The Teton County Road 380, also known as the Salmond Ranch Road, goes up the Deep Creek drainage and connects to trails into the Rocky Mountain Front. It is one of the few access points into the front between Augusta and Glacier Park. The initial portion of the 3 mile road goes through the Salmond Ranch, then through the school sections which abut BLM and National Forest land. It is open only for foot and horse travel on the federal land.
The disputed access issue began in the 1930s, when Frank Salmond offered Teton County a dedicated public easement to ensure public access, in exchange for the county closing Road 380. Quote from Great Falls Tribune Story “Teton County set for fight over county road” “On June 2, 1930, the three members of the Teton County Commission met in an afternoon session to discuss the fate of a country road about 20 miles west of Choteau along the Rocky Mountain Front. Now, more than eight decades later, a legal battle is brewing over the decision the commissioners made that day: to vacate the road on the condition that the landowner, Frank Salmond, provide a public right-of-way to state lands. The renewed fight over the approximately four-mile section of right-of-way much of which is barely visible after nearly eight decades of little-to-no use is a thorny and complicated issue pitting the public’s right to access public lands against property rights and swirling it together with concerns about wildlife, weeds and land conservation. Throw in a proposed federal bill that would add some 67,000 acres of new wilderness to the Bob Marshall Wilderness Complex and you’ve got an issue ripe for heated debate in western Teton County.”
In 1988 the Salmonds locked the gate and filed “a legal notice to all the world” that any public rights to cross the land had been unilaterally terminated by them. Then in 1989, the Salmond family posted “No Trespassing” signs on the road.
After public outcry on the issue, the Salmonds brought a quiet title action in October of 2012 hoping to validate their position. In response, the state Department of Natural Resources Conservation (DNRC) and the State Land Board filed papers on March 1, 2013, with documentary evidence, showing the right of way had not been abandoned. In a separate action, Randy (Randall) Knowles, a private citizen from Great Falls alleged, “The DNRC, State Land Board and Teton County breached their duty, as trustees, to protect the rights of Montana residents to the enjoyment of land entrusted to their care.”
A variety of parties then began negotiating.

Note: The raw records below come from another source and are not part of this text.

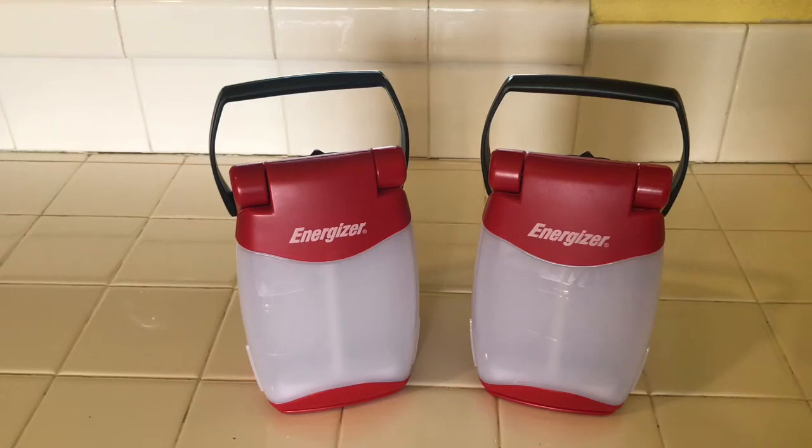Hi everyone, this is Maria and today I want to share with you these two Energizer portable lanterns that my husband Joey bought at Home Depot for $20.97 each.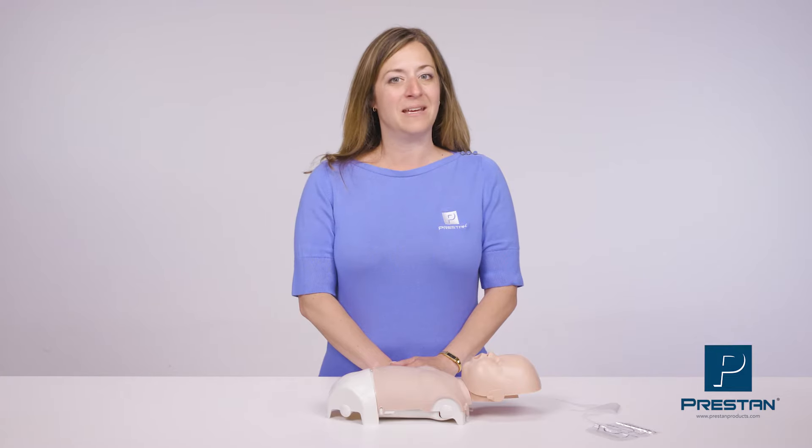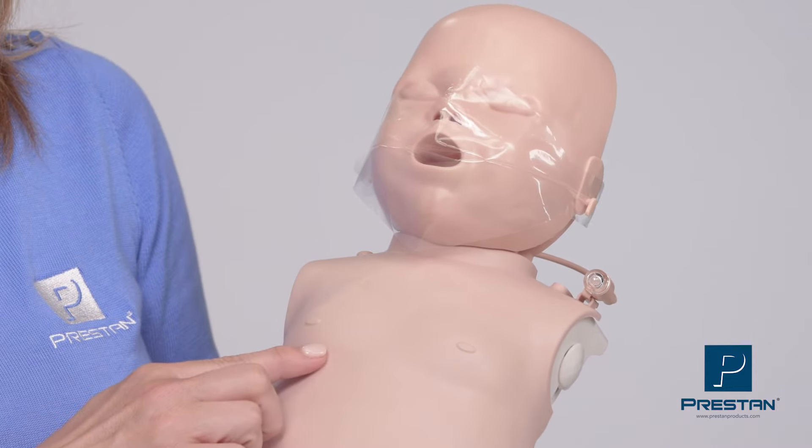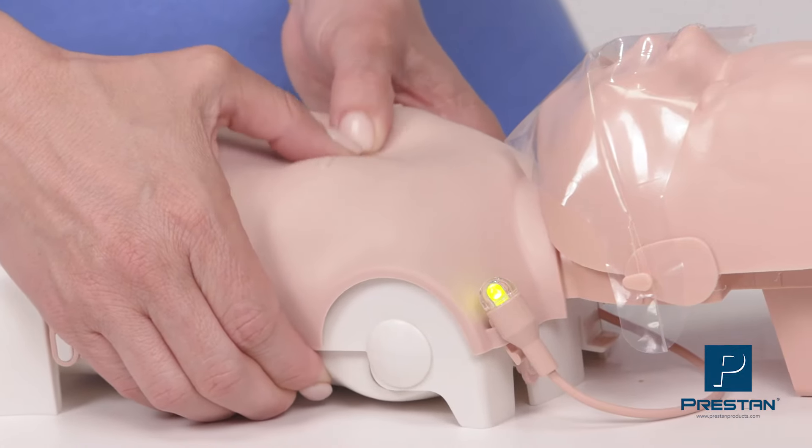As with all Preston Mannequins, the Infant Ultralight provides a realistic training experience with anatomically correct features, accurate head tilt, and visible chest rise, while providing intuitive feedback during CPR training.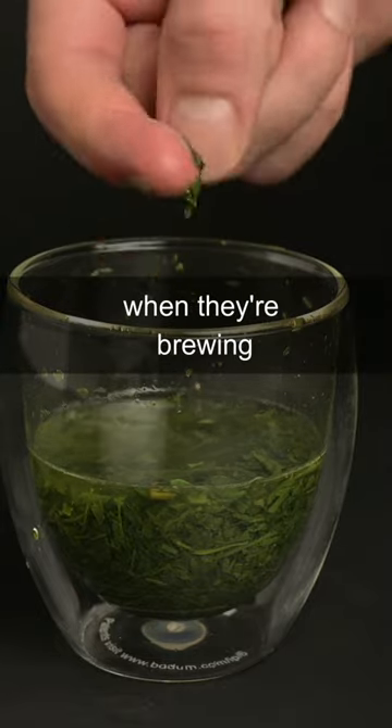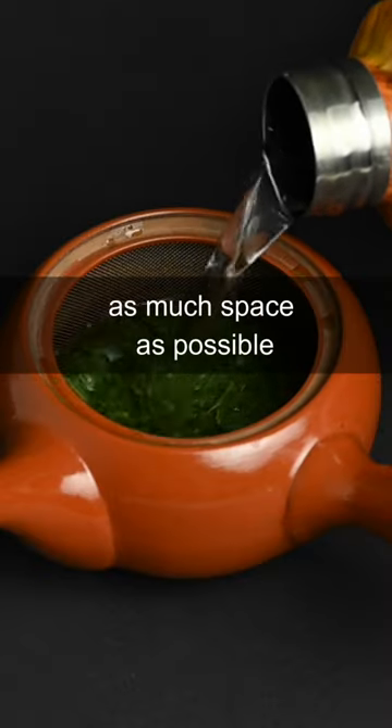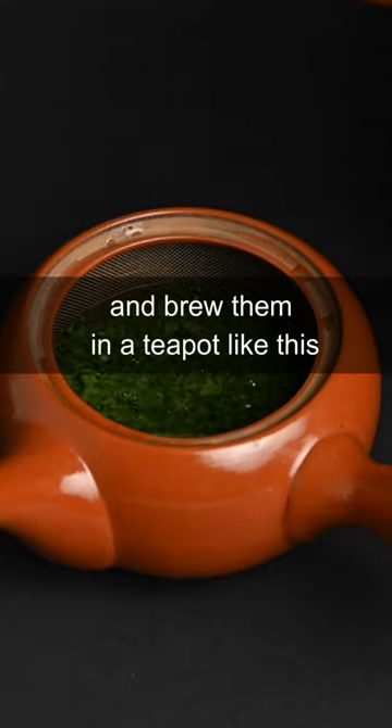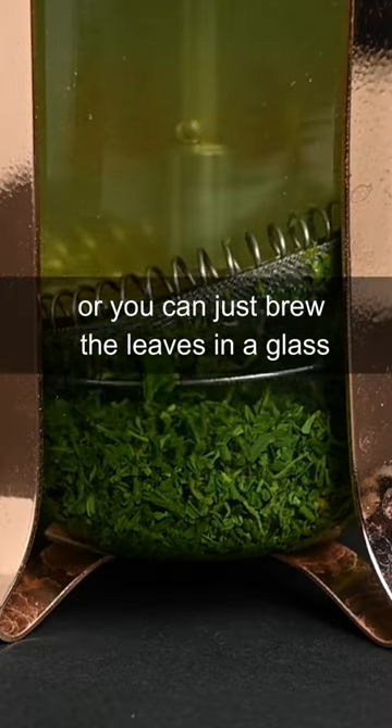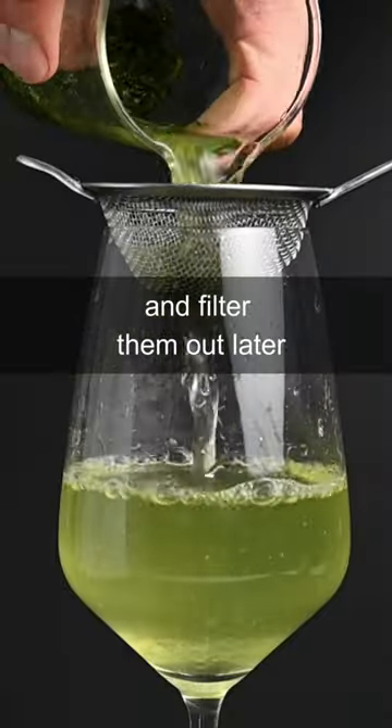Tea leaves need a lot of space to open up when they're brewing. That's why it's important to give them as much space as possible and brew them in a teapot like this. If you don't have a teapot, you can use something like a French press, or you can just brew the leaves in a glass and filter them out later.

At the State Land Board hearing, Russell Country Sportsmens Association, as well as Public Land/Water Access Association (PLWA) president, John Gibson, testified at the hearing on July 20, 2015, along with the Montana Wildlife Federation. The proposal was unanimously approved by the State Land Board. As part of the deal, Salmond Ranch Co. Inc. would construct another unimproved route closer to a section line, which would limit damage to its property, with the state footing the bill. The public would then get access to that undeveloped trail, which leads to thousands of acres of wild state and federal lands on the Rocky Mountain Front prized for hunting and hiking, including lands in the Rocky Mountain Front Heritage Act, for six months of the year, approximately 50,000 acres of public land along the Rocky Mountain Front, west of Choteau – 1,900 acres of DNRC land, 10,000 acres of Bureau of Land Management property and some 38,000 acres of land in Lewis and Clark National Forest including the Bob Marshall Wilderness.